毎年この時期に公表される国税局査察部、通称「マルサ」の調査状況が国税庁HPに出ていたのでご紹介します。
1.データ
・処理件数151件(前年139件)、うち告発件数101件(前年103件)
・1件当たりの脱税額8800万円(前年9700万円)
・コロナ期に件数が3割ほど減りましたが、今は通常ベースに戻っています。
・重点分野:消費税、無申告、国際、社会的波及効果の高い事案
2.業種の特徴
・告発件数:① 不動産業 ② 建設業 ③ 人材派遣 ④ 小売業
・上位の顔ぶれは前年と大きく変わりません。景気のいい業種が上位に来ることが多いです。
3.隠し場所
・使いみち:高級車、株、暗号資産、ギャンブル(海外やネットも)、飲食遊興費
・隠し場所:天井裏、階段下収納、断熱材の下、蔵に置かれた木箱、貸金庫など
・使いみちの海外やネットのカジノというのが昔との違いを感じます。

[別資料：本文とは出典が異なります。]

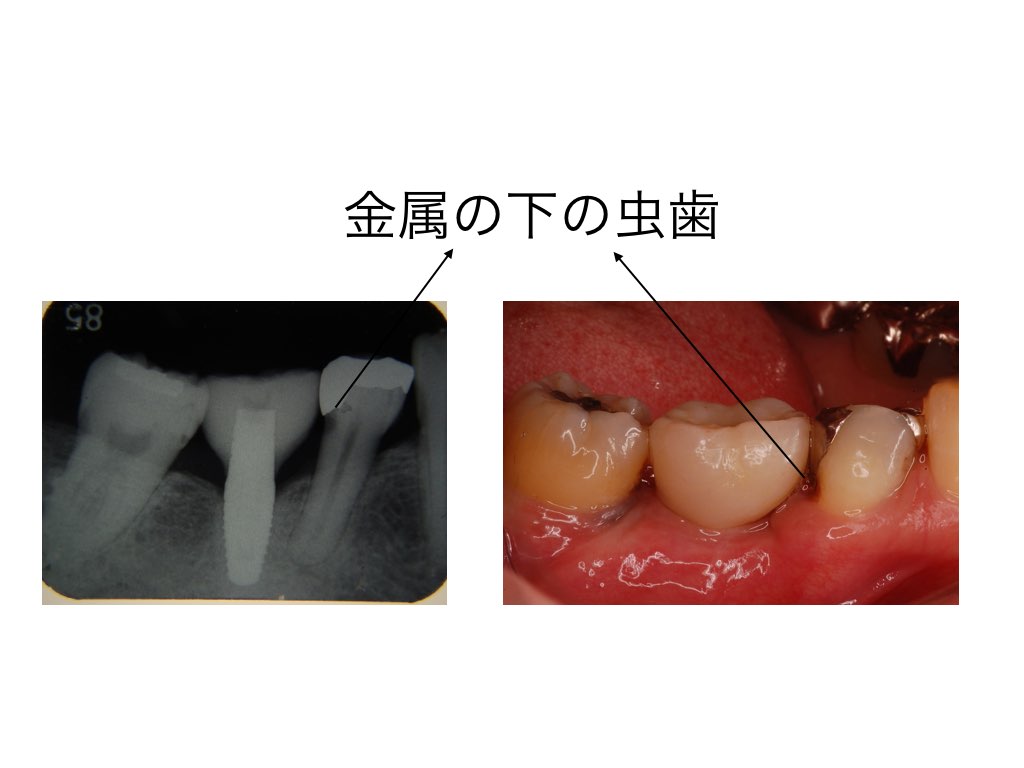 虫歯の見方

隠し場所はまさに「マルサの女」の世界です。
4.重点事案
① 消費税
・高級腕時計の架空仕入れ+不正入手したパスポートで架空の免税売上を立てて消費税を不正還付
・架空の不動産売買契約書を作成し、消費税を不正還付
② 無申告
・タトゥースダジオ経営者が知人親族名義の口座に売上を入金して無申告
・出版社からの原稿料や印税を無申告
③ 国際
・未公開株を海外法人に移したと偽装し、売却収入を個人で申告せず
・架空経費で浮いた資金を海外での生活費やギャンブルで費消
④ 社会的波及の高い事案
・脱税請負人が節税とうたって広く納税者を勧誘
・ネット上の物品販売やノウハウを指南する事業者が架空経費と売上除外で脱税
手口については売上除外や架空経費といった内容は昔から変わっていませんが、ネットや海外が絡むことで巧妙かつ複雑にはなっています。
重点分野についてはここ数年傾向が変わっておらず、何もしていない普通の人にもチェックが入るほどです。
いずれにしてもマルサを甘く見ないようにしましょう。